Balance partition distribution¶
BALANCE DATA
starts a task to equally distribute the storage partitions in a Nebula Graph cluster. A group of subtasks will be created and implemented to migrate data and balance the partition distribution.
Danger
DON'T stop any machine in the cluster or change its IP address until all the subtasks finish. Otherwise, the follow-up subtasks fail.
Take scaling out Nebula Graph for an example.
After you add new storage hosts into the cluster, no partition is deployed on the new hosts. You can run SHOW HOSTS
to check the partition distribution.
nebual> SHOW HOSTS;
+-------------+------+----------+--------------+-----------------------------------+------------------------+
| Host | Port | Status | Leader count | Leader distribution | Partition distribution |
+-------------+------+----------+--------------+-----------------------------------+------------------------+
| "storaged0" | 9779 | "ONLINE" | 4 | "basketballplayer:4" | "basketballplayer:15" |
+-------------+------+----------+--------------+-----------------------------------+------------------------+
| "storaged1" | 9779 | "ONLINE" | 8 | "basketballplayer:8" | "basketballplayer:15" |
+-------------+------+----------+--------------+-----------------------------------+------------------------+
| "storaged2" | 9779 | "ONLINE" | 3 | "basketballplayer:3" | "basketballplayer:15" |
+-------------+------+----------+--------------+-----------------------------------+------------------------+
| "storaged3" | 9779 | "ONLINE" | 0 | "No valid partition" | "No valid partition" |
+-------------+------+----------+--------------+-----------------------------------+------------------------+
| "storaged4" | 9779 | "ONLINE" | 0 | "No valid partition" | "No valid partition" |
+-------------+------+----------+--------------+-----------------------------------+------------------------+
| "Total" | | | 15 | "basketballplayer:15" | "basketballplayer:45" |
+-------------+------+----------+--------------+-----------------------------------+------------------------+
Run BALANCE DATA
to start balancing the storage partitions.
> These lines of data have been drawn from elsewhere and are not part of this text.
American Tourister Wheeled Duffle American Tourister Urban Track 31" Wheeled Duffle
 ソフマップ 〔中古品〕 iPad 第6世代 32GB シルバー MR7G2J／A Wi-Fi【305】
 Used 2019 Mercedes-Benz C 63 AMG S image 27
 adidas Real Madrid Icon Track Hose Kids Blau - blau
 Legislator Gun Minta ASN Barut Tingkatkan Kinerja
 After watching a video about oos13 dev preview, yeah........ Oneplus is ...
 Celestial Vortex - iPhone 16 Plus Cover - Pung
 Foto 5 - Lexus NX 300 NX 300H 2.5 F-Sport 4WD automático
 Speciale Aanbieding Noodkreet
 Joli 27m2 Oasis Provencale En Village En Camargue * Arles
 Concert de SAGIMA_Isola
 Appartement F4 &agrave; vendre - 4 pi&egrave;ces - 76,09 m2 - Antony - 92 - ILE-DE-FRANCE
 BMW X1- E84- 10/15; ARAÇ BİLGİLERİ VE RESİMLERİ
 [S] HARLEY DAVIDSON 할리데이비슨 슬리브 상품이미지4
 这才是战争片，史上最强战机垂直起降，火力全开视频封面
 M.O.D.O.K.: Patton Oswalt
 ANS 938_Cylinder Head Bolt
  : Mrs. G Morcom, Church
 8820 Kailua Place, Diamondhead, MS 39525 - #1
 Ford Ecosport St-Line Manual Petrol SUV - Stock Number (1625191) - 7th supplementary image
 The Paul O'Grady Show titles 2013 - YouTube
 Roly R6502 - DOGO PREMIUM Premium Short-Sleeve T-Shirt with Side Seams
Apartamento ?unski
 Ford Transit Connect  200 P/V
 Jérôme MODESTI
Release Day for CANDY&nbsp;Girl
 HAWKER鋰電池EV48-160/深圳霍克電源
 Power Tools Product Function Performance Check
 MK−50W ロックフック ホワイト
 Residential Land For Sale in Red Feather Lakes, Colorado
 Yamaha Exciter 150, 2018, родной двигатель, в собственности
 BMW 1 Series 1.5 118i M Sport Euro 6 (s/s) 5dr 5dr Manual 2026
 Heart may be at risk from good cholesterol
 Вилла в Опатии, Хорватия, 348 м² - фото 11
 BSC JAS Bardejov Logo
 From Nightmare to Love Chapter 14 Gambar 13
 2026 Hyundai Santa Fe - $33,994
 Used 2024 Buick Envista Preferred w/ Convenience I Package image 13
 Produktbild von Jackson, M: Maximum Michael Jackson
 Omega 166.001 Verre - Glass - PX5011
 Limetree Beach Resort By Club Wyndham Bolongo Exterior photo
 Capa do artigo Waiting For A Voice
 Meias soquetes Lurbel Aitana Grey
If the partitions are already balanced, BALANCE DATA
fails.
nebula> BALANCE DATA;
+------------+
| ID |
+------------+
| 1614237867 |
+------------+
A BALANCE task ID is returned after running BALANCE DATA
. Run BALANCE DATA <balance_id>
to check the status of the BALANCE
task.
nebula> BALANCE DATA 1614237867;
+--------------------------------------------------------------+-------------------+
| balanceId, spaceId:partId, src->dst | status |
+--------------------------------------------------------------+-------------------+
| "[1614237867, 11:1, storaged1:9779->storaged3:9779]" | "SUCCEEDED" |
+--------------------------------------------------------------+-------------------+
| "[1614237867, 11:1, storaged2:9779->storaged4:9779]" | "SUCCEEDED" |
+--------------------------------------------------------------+-------------------+
| "[1614237867, 11:2, storaged1:9779->storaged3:9779]" | "SUCCEEDED" |
+--------------------------------------------------------------+-------------------+
...
+--------------------------------------------------------------+-------------------+
| "Total:22, Succeeded:22, Failed:0, In Progress:0, Invalid:0" | 100 |
+--------------------------------------------------------------+-------------------+
When all the subtasks succeed, the load balancing process finishes. Run SHOW HOSTS
again to make sure the partition distribution is balanced.
Note
BALANCE DATA
does not balance the leader distribution.
nebula> SHOW HOSTS;
+-------------+------+----------+--------------+-----------------------------------+------------------------+
| Host | Port | Status | Leader count | Leader distribution | Partition distribution |
+-------------+------+----------+--------------+-----------------------------------+------------------------+
| "storaged0" | 9779 | "ONLINE" | 4 | "basketballplayer:4" | "basketballplayer:9" |
+-------------+------+----------+--------------+-----------------------------------+------------------------+
| "storaged1" | 9779 | "ONLINE" | 8 | "basketballplayer:8" | "basketballplayer:9" |
+-------------+------+----------+--------------+-----------------------------------+------------------------+
| "storaged2" | 9779 | "ONLINE" | 3 | "basketballplayer:3" | "basketballplayer:9" |
+-------------+------+----------+--------------+-----------------------------------+------------------------+
| "storaged3" | 9779 | "ONLINE" | 0 | "No valid partition" | "basketballplayer:9" |
+-------------+------+----------+--------------+-----------------------------------+------------------------+
| "storaged4" | 9779 | "ONLINE" | 0 | "No valid partition" | "basketballplayer:9" |
+-------------+------+----------+--------------+-----------------------------------+------------------------+
| "Total" | | | 15 | "basketballplayer:15" | "basketballplayer:45" |
+-------------+------+----------+--------------+-----------------------------------+------------------------+
If any subtask fails, run BALANCE DATA
again to restart the balancing. If redoing load balancing does not solve the problem, ask for help in the Nebula Graph community.
Stop data balancing¶
To stop a balance task, run BALANCE DATA STOP
.
- If no balance task is running, an error is returned.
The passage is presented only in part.